### Directions for this task
These records contain pictures, which must be left out; copy exactly the lines from the one with "The opposite of" up to and including the one with "Abhiram, we are".

### Extracted entries
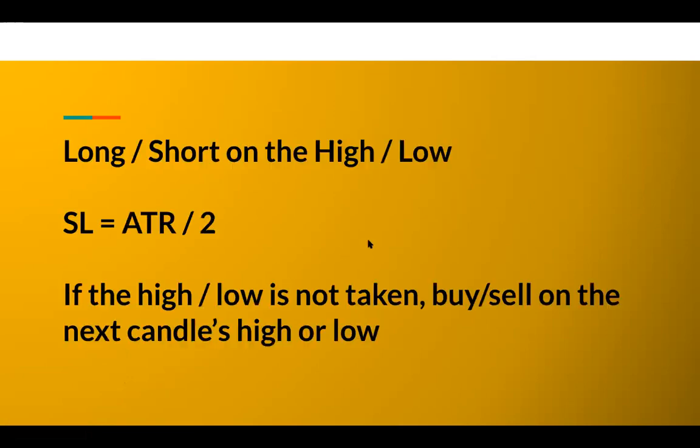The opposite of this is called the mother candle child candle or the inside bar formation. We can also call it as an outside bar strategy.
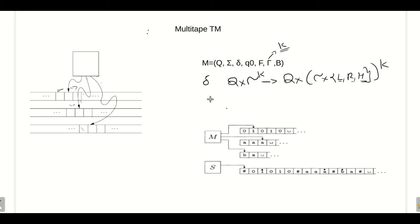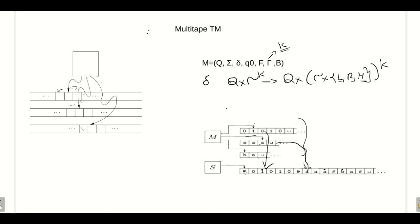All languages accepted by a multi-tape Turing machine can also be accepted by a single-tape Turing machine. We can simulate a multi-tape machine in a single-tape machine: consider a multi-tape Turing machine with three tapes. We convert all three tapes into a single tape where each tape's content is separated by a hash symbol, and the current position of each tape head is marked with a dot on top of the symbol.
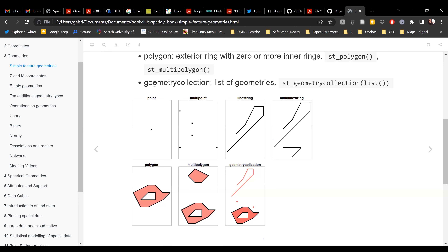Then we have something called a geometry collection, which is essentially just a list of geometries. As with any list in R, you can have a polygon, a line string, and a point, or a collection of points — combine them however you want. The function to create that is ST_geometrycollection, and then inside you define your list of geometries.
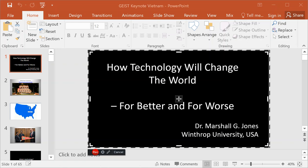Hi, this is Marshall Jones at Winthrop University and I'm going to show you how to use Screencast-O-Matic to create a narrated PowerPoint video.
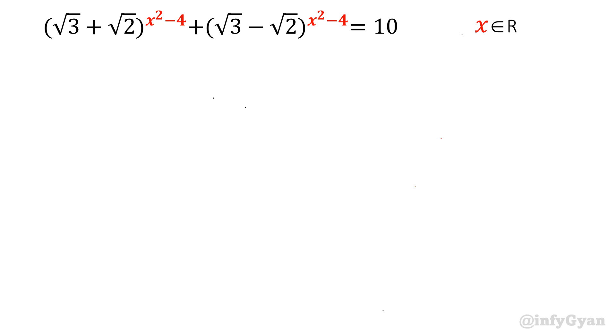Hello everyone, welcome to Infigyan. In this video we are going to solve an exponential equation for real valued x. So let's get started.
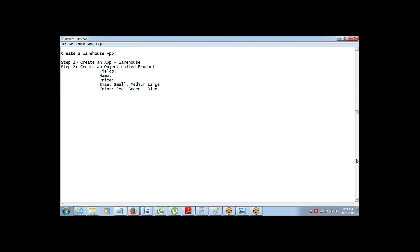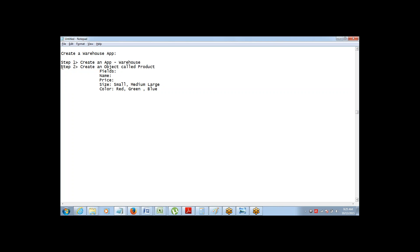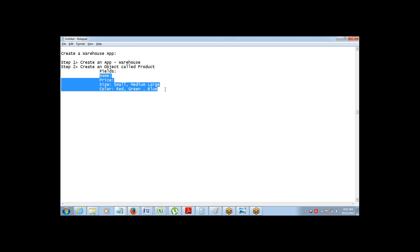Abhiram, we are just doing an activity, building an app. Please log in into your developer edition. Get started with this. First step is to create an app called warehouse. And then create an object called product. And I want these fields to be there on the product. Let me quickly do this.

---

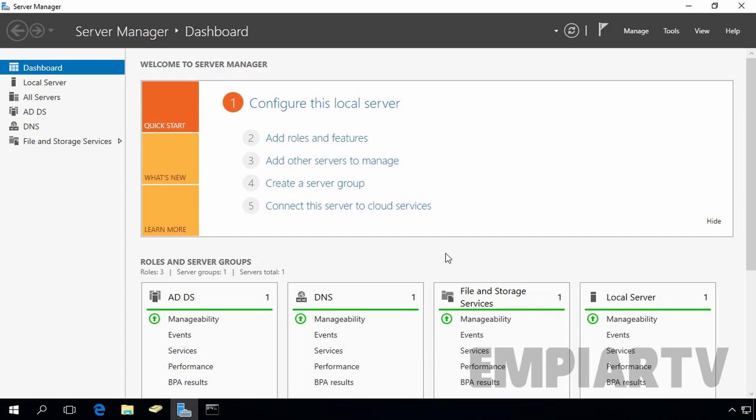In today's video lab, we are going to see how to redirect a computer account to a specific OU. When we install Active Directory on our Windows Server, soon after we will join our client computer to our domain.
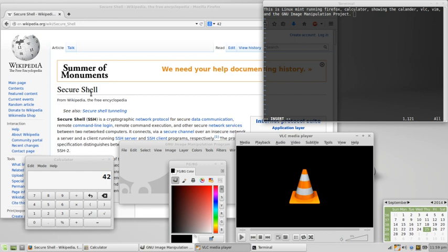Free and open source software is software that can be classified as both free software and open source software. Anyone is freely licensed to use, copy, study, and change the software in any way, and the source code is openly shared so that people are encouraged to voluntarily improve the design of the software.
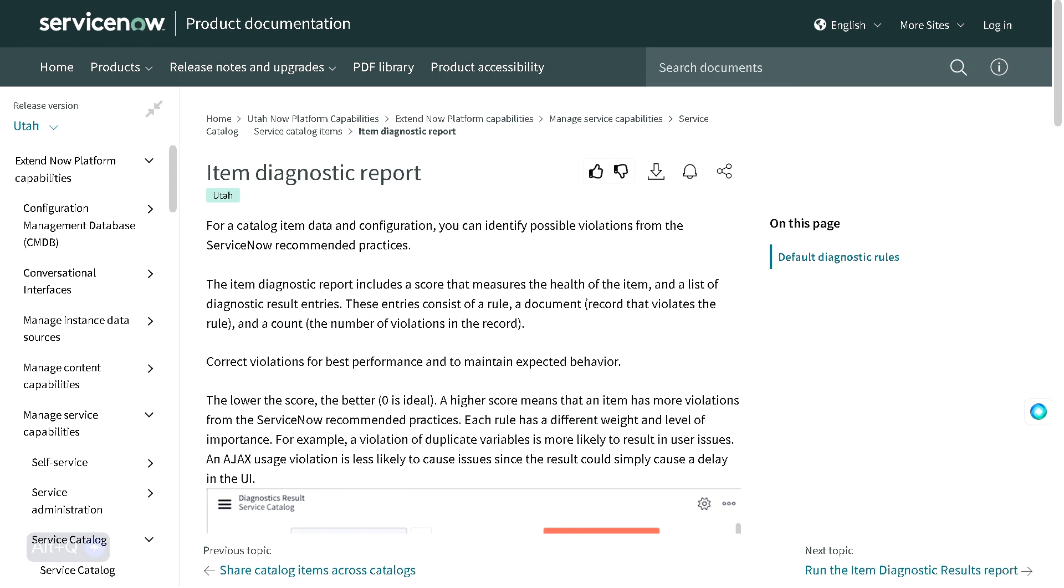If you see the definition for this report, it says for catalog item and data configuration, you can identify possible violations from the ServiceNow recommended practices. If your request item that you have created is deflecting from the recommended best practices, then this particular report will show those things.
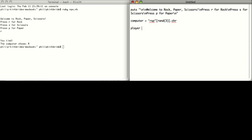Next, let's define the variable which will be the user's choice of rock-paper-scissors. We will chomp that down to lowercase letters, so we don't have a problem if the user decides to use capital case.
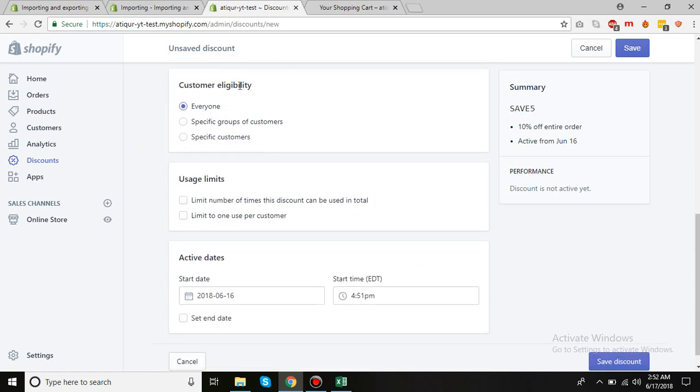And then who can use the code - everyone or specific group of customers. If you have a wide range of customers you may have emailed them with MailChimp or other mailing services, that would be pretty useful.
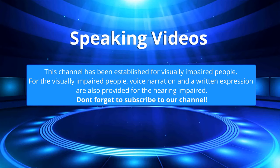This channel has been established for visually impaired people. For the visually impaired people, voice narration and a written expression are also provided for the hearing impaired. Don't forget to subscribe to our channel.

### Written solution
The opposite of this is called the mother candle child candle or the inside bar formation. We can also call it as an outside bar strategy.
All languages accepted by a multi-tape Turing machine can also be accepted by a single-tape Turing machine. We can simulate a multi-tape machine in a single-tape machine: consider a multi-tape Turing machine with three tapes. We convert all three tapes into a single tape where each tape's content is separated by a hash symbol, and the current position of each tape head is marked with a dot on top of the symbol.
Then we have something called a geometry collection, which is essentially just a list of geometries. As with any list in R, you can have a polygon, a line string, and a point, or a collection of points — combine them however you want. The function to create that is ST_geometrycollection, and then inside you define your list of geometries.
Hi, this is Marshall Jones at Winthrop University and I'm going to show you how to use Screencast-O-Matic to create a narrated PowerPoint video.
Hello everyone, welcome to Infigyan. In this video we are going to solve an exponential equation for real valued x. So let's get started.
Abhiram, we are just doing an activity, building an app. Please log in into your developer edition. Get started with this. First step is to create an app called warehouse. And then create an object called product. And I want these fields to be there on the product. Let me quickly do this.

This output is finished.